A tiny neural network that learns to reproduce a single image, written and trained end-to-end on the GPU in Mojo: the encoding, the fused MLP, the backward pass, and the optimizer are all one language. That is the point of the project, a worked example of the kind of neural-graphics technique Mojo lets you express and run on the GPU from a single, readable codebase. A learnable feature grid feeds a small MLP, and both the forward and backward passes run as fused kernels on the GPU.

The network's only input is a pixel's (u, v) coordinate; its output is that pixel's RGB. Train it on one image and it becomes a compact, continuous representation of that image.

Motivation

Neural rendering and ML-based graphics are a personal interest, and this project is a small experiment in writing one such technique end-to-end in Mojo.

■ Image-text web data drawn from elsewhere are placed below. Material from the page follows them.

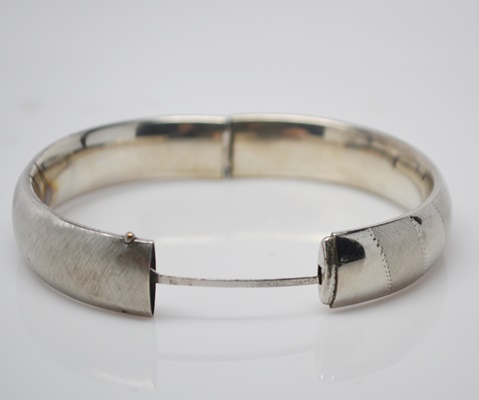 Mixed Brushed and Polished Sterling Silver Bangle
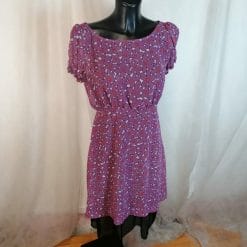 romeo gigli vestito trasparente a fiori viola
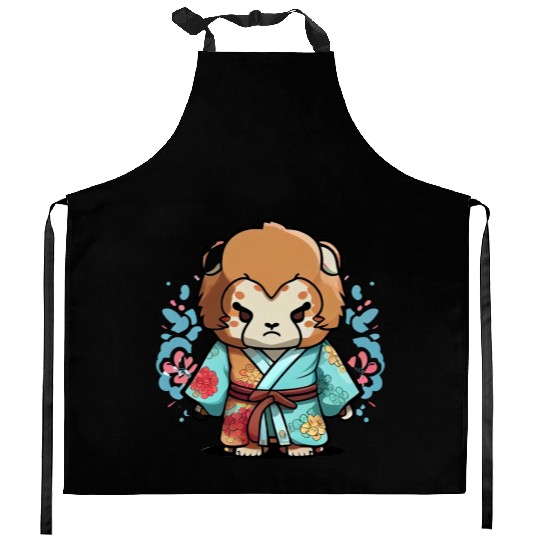 Lion kimono Kitchen Aprons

The appeal is a single language for both the research code and the GPU kernels. Mojo's syntax stays close to Python, readable enough to nearly double as pseudocode, yet it compiles to and runs on the GPU, so a method can be easy to read and reproducible on real hardware from one self-contained repo. A lot of GPU neural-graphics work is split between Python and hand-written CUDA, which raises the bar for both reading and re-running it; closing that gap is what I think could empower this kind of research.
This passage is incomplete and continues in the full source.